4.2. Pistes d'Amélioration
Santé publique France identifie plusieurs axes pour améliorer la connaissance et l'action :
• Mieux caractériser les personnes en situation de handicap dans les bases médico-administratives et médico-sociales.
• Mieux documenter la santé et le rôle des aidants.
• Poursuivre et développer les enquêtes en milieu scolaire pour un dépistage précoce.
• Renforcer l'information sur les signes de souffrance psychique et les parcours de soins gradués.
5. Enjeux Économiques et Décisionnels
L'audition a souligné la dimension économique de la santé mentale et l'importance de convaincre les décideurs publics d'investir dans la prévention.
• Coût des troubles psychiques : Estimé à 109 milliards d'euros pour la société française, dont près de la moitié en perte de productivité.

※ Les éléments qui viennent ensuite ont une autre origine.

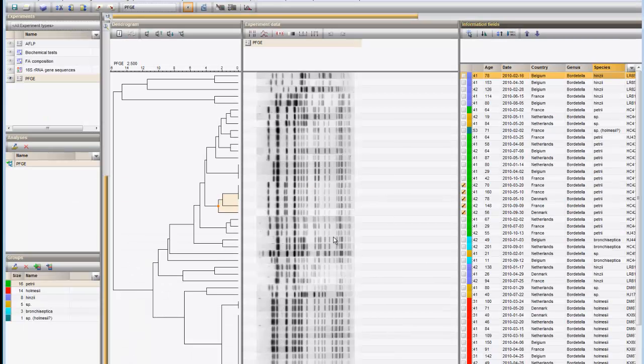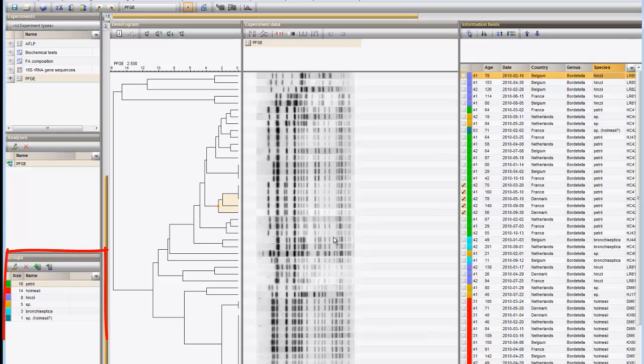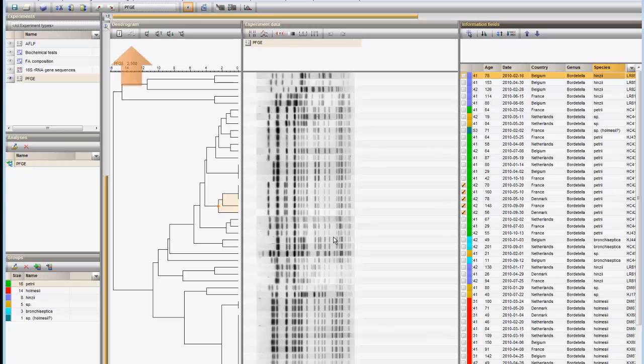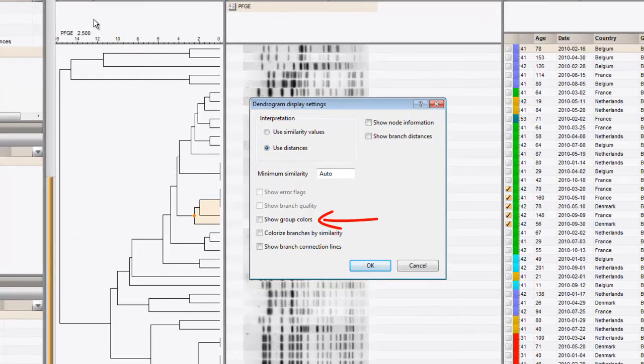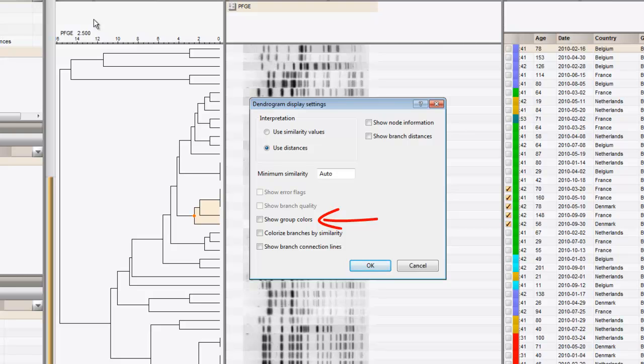Six groups are now defined, which automatically got the names of the field content that was used. Note that the group colors can also be shown on the tree using the display options. To display the group colors, I check the option Show group colors and press OK.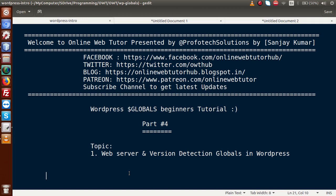Hello guys, welcome to Online Web Tutor presented by Prophetex Sessions team. I am Sanjay. We are learning WordPress Globals beginner tutorial and this is our part 4. Inside this video session, we will discuss about web server and version detection globals in WordPress.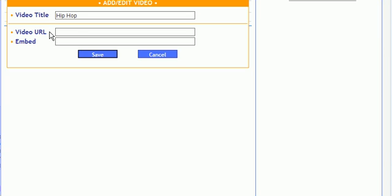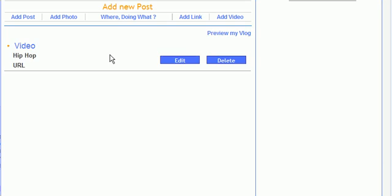You need one or the other, the URL or the embed code. I'm going to use the embed code. Hit Save.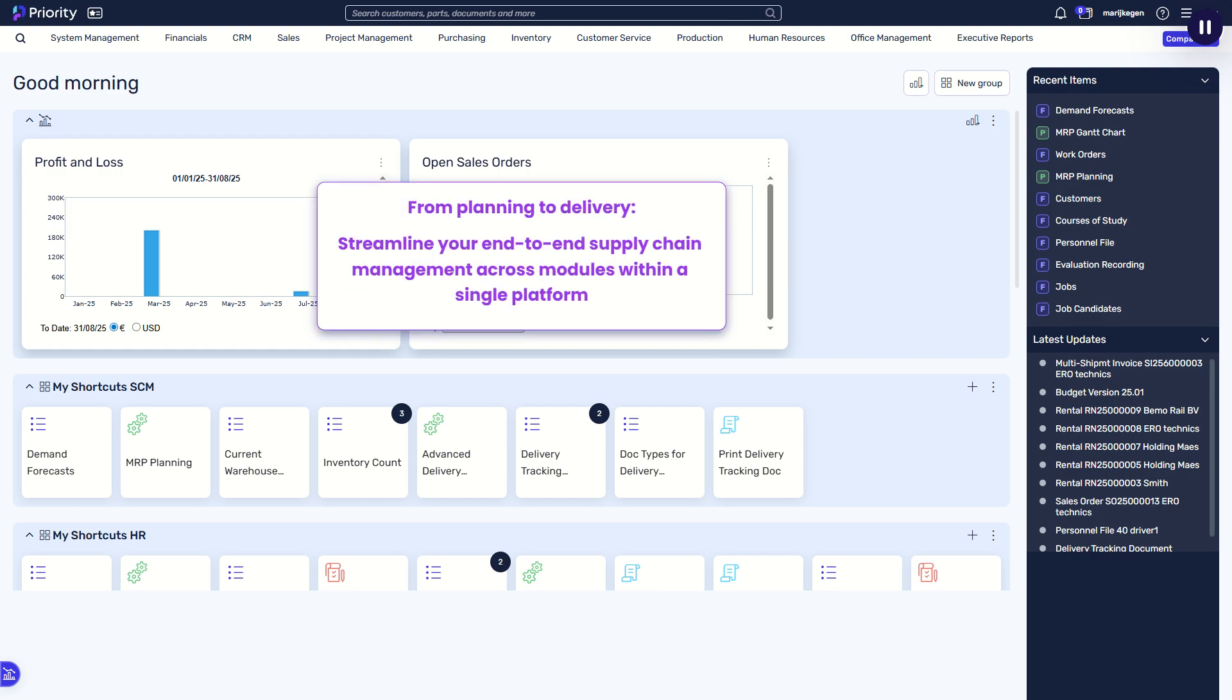From planning to delivery, streamline your end-to-end supply chain management across modules within a single platform.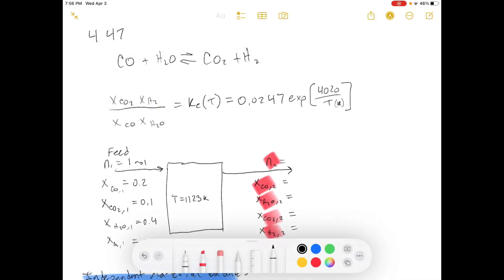Hello and welcome to Textbook Engineering Problem. Today we're working out of Elementary Principles of Chemical Processes, Third Edition. We're doing another viewer request tonight — problem number 4.47.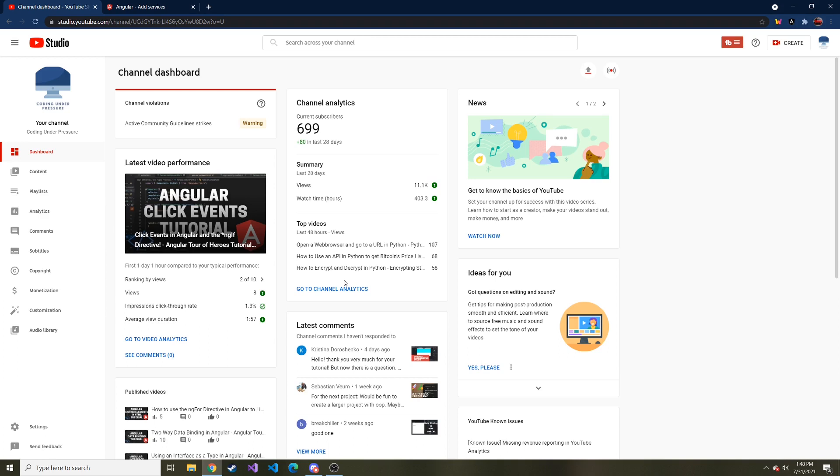Today we're going to talk about observables, why we even care to use those, and what we plan on doing in the future that's going to use observables.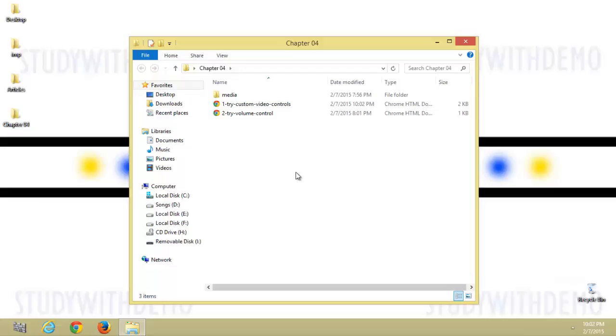HTML5 provides the video and audio tags. Now we are going to customize these video and audio tags. Here are the working files.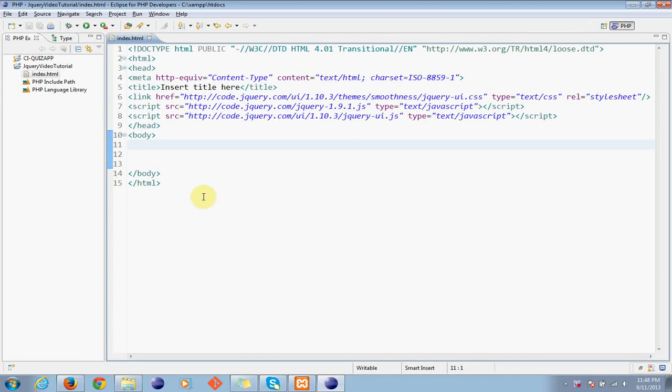Hi guys, okay in this video I'll teach you how to create a jQuery dialog box and it's so easy.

• Retour sur investissement de la prévention :
- ◦ L'évaluation du dispositif Vigilance montre que 1 € investi permet d'économiser 2 € de coûts de santé, avec un coût moyen évité de 248 € par patient.
- ◦ Santé publique France s'engage à évaluer de plus en plus le retour sur investissement de ses actions.
• Nécessité d'un plaidoyer : L'agence travaille au développement d'indicateurs sur le "fardeau de la maladie" (Global Burden of Disease) pour objectiver le poids des troubles sur la société et justifier les investissements en prévention.
Le manque de données fiables, notamment à un niveau territorial fin, reste un obstacle pour convaincre les acteurs locaux.